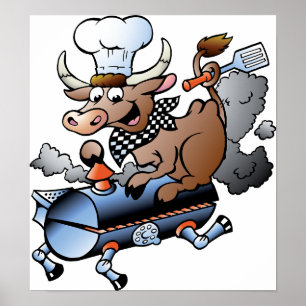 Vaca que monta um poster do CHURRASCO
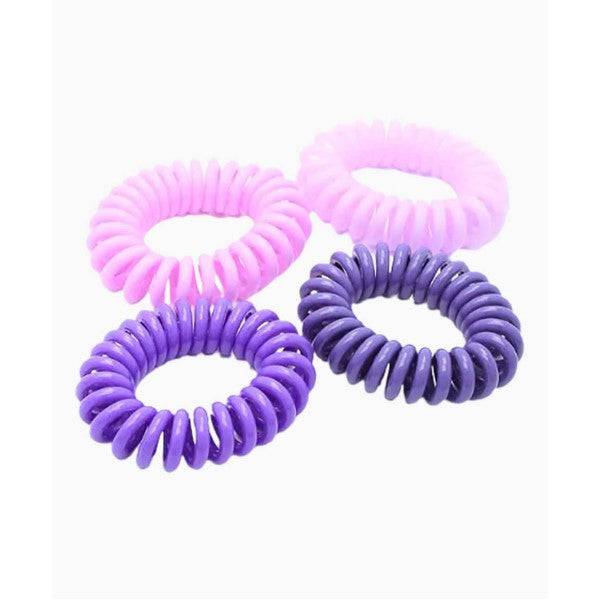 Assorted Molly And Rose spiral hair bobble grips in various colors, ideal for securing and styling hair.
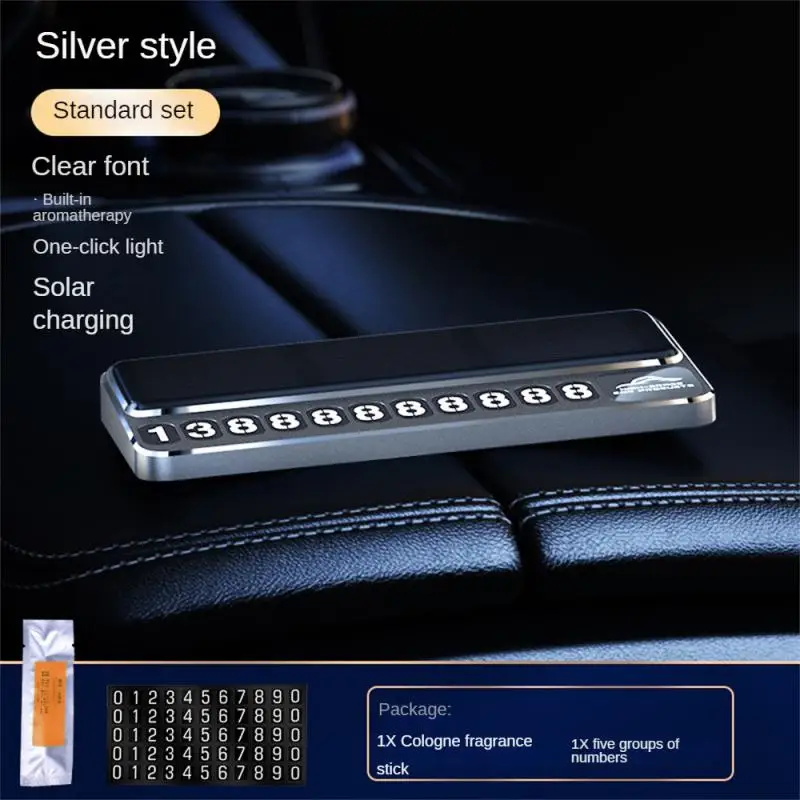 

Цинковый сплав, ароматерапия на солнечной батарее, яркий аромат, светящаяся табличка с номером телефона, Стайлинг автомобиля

----

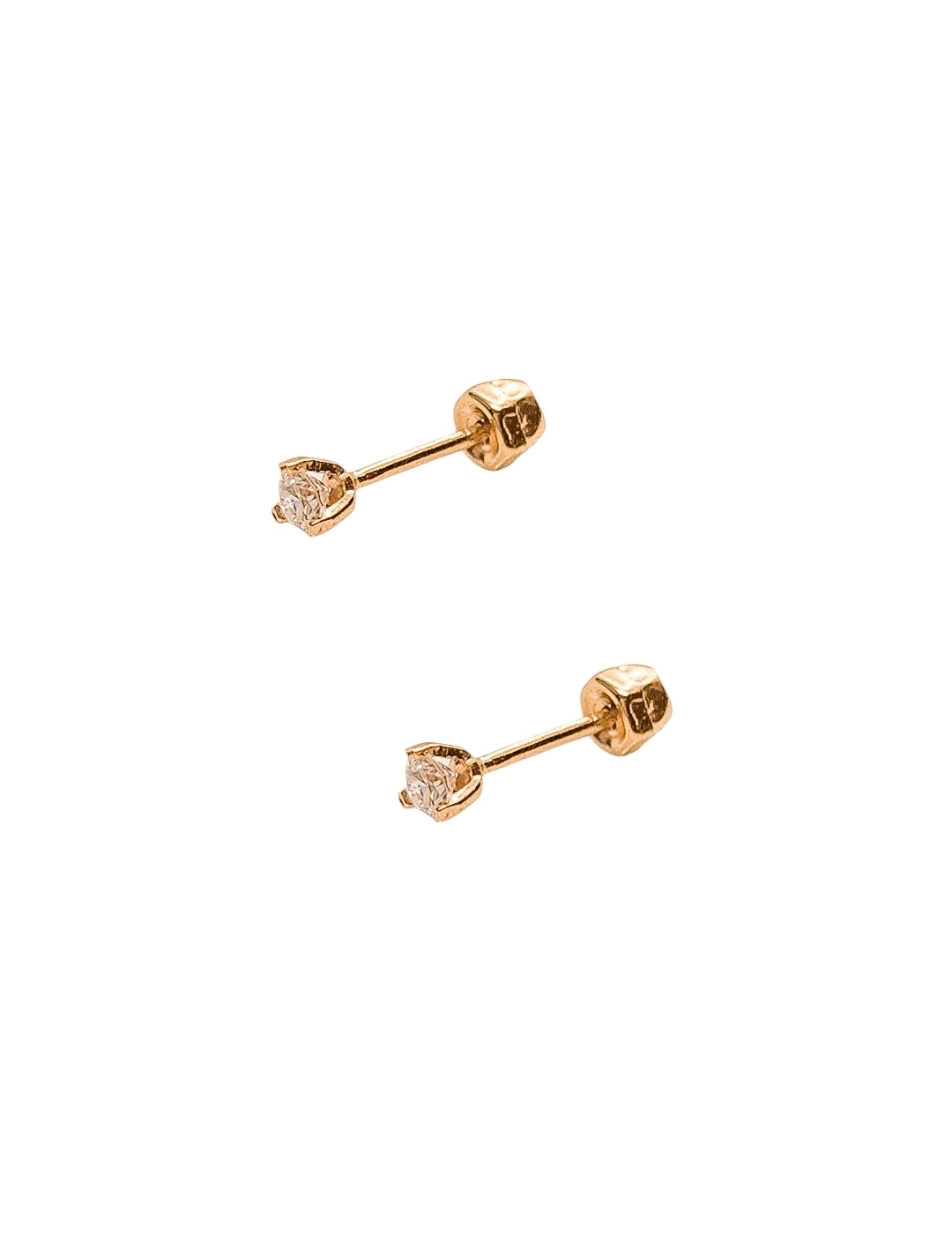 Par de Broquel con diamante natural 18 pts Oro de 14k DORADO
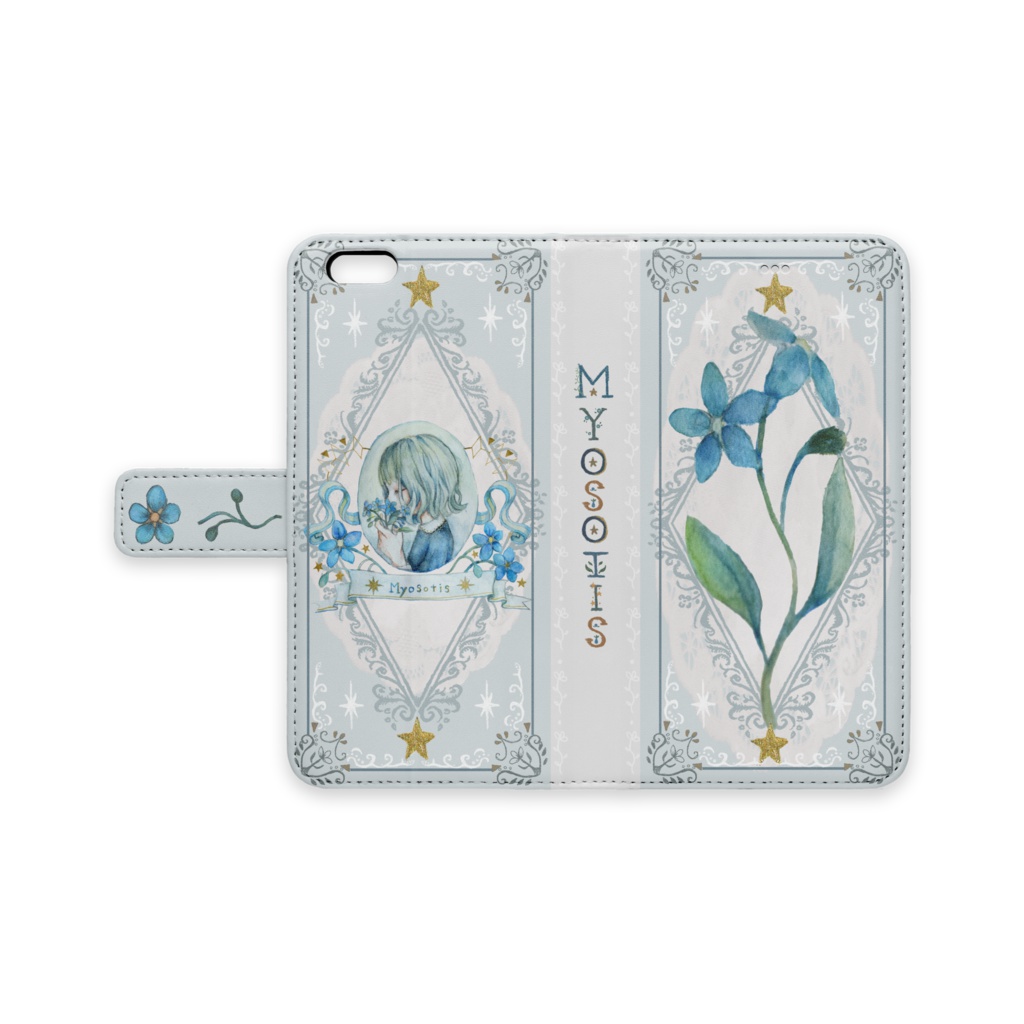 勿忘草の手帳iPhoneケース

----

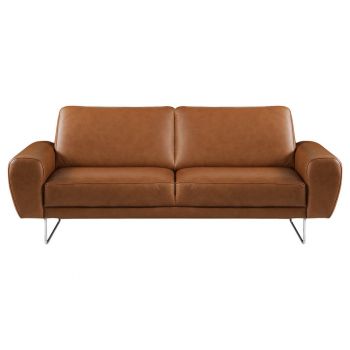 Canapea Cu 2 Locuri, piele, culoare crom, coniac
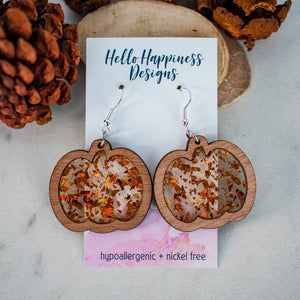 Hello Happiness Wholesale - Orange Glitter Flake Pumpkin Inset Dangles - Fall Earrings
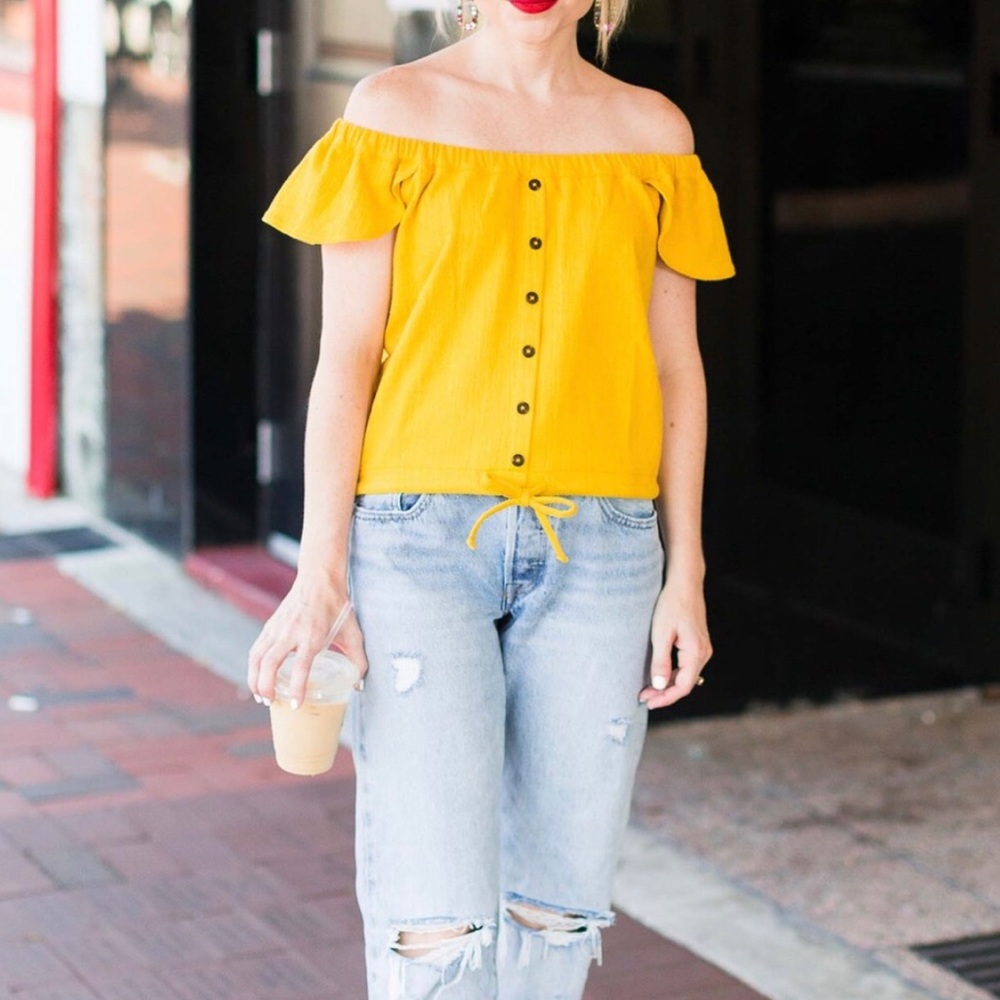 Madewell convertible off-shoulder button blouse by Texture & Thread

----

▶ Exercise:
For this task, return exactly the stretch of the listing above from the line with "Par de Broquel" through the line with "勿忘草の手帳iPhoneケース", inclusive and without pictures.

▶ Solved exercise:
 Par de Broquel con diamante natural 18 pts Oro de 14k DORADO
 勿忘草の手帳iPhoneケース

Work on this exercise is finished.